An Introduction To Quantum Field Theory

An Introduction To Quantum Field Theory
Author :
Publisher : CRC Press
Total Pages : 866
Release :
ISBN-10 : 9780429983184
ISBN-13 : 0429983182
Rating : 4/5 (84 Downloads)

Synopsis An Introduction To Quantum Field Theory by : Michael E. Peskin

An Introduction to Quantum Field Theory is a textbook intended for the graduate physics course covering relativistic quantum mechanics, quantum electrodynamics, and Feynman diagrams. The authors make these subjects accessible through carefully worked examples illustrating the technical aspects of the subject, and intuitive explanations of what is going on behind the mathematics. After presenting the basics of quantum electrodynamics, the authors discuss the theory of renormalization and its relation to statistical mechanics, and introduce the renormalization group. This discussion sets the stage for a discussion of the physical principles that underlie the fundamental interactions of elementary particle physics and their description by gauge field theories.

An Introduction To Quantum Field Theory, Student Economy Edition

An Introduction To Quantum Field Theory, Student Economy Edition
Author :
Publisher : CRC Press
Total Pages : 622
Release :
ISBN-10 : 9780429973802
ISBN-13 : 0429973802
Rating : 4/5 (02 Downloads)

Synopsis An Introduction To Quantum Field Theory, Student Economy Edition by : Michael Peskin

An Introduction to Quantum Field Theory is a textbook intended for the graduate physics course covering relativistic quantum mechanics, quantum electrodynamics, and Feynman diagrams. The authors make these subjects accessible through carefully worked examples illustrating the technical aspects of the subject, and intuitive explanations of what is going on behind the mathematics. After presenting the basics of quantum electrodynamics, the authors discuss the theory of renormalization and its relation to statistical mechanics, and introduce the renormalization group. This discussion sets the stage for a discussion of the physical principles that underlie the fundamental interactions of elementary particle physics and their description by gauge field theories.

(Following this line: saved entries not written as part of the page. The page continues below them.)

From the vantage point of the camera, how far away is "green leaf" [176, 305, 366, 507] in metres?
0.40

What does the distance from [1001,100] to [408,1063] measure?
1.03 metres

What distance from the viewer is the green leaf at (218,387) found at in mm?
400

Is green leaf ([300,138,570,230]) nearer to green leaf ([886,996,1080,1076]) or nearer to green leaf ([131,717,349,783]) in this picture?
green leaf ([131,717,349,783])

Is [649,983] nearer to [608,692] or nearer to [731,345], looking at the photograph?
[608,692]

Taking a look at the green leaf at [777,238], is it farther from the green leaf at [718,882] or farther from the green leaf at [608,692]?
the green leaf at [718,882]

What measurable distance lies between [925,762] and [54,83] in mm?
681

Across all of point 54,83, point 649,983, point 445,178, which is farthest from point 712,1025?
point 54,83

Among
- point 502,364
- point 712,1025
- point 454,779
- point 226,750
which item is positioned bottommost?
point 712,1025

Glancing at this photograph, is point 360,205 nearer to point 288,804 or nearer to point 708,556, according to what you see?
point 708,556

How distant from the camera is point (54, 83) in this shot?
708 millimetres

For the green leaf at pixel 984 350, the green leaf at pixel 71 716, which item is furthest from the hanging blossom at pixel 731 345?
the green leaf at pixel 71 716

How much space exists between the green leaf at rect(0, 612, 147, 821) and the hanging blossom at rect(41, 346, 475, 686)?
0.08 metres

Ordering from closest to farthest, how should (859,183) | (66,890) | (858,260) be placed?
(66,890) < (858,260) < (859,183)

Introduction to Quantum Mechanics

Introduction to Quantum Mechanics
Author :
Publisher : Cambridge University Press
Total Pages : 481
Release :
ISBN-10 : 9781107179868
ISBN-13 : 1107179866
Rating : 4/5 (68 Downloads)

Synopsis Introduction to Quantum Mechanics by : David J. Griffiths

This bestselling textbook teaches students how to do quantum mechanics and provides an insightful discussion of what it actually means.

Conformal Field Theory

Conformal Field Theory
Author :
Publisher : CRC Press
Total Pages : 342
Release :
ISBN-10 : 9780429982507
ISBN-13 : 042998250X
Rating : 4/5 (07 Downloads)

Synopsis Conformal Field Theory by : Yavuz Nutku

This book provides an understanding of conformal field theory and its importance to both statistical mechanics and string theory. It introduces the Wess-Zumino-Novokov-Witten (WZNW) models and their current algebras, the affine Kac-Moody algebras.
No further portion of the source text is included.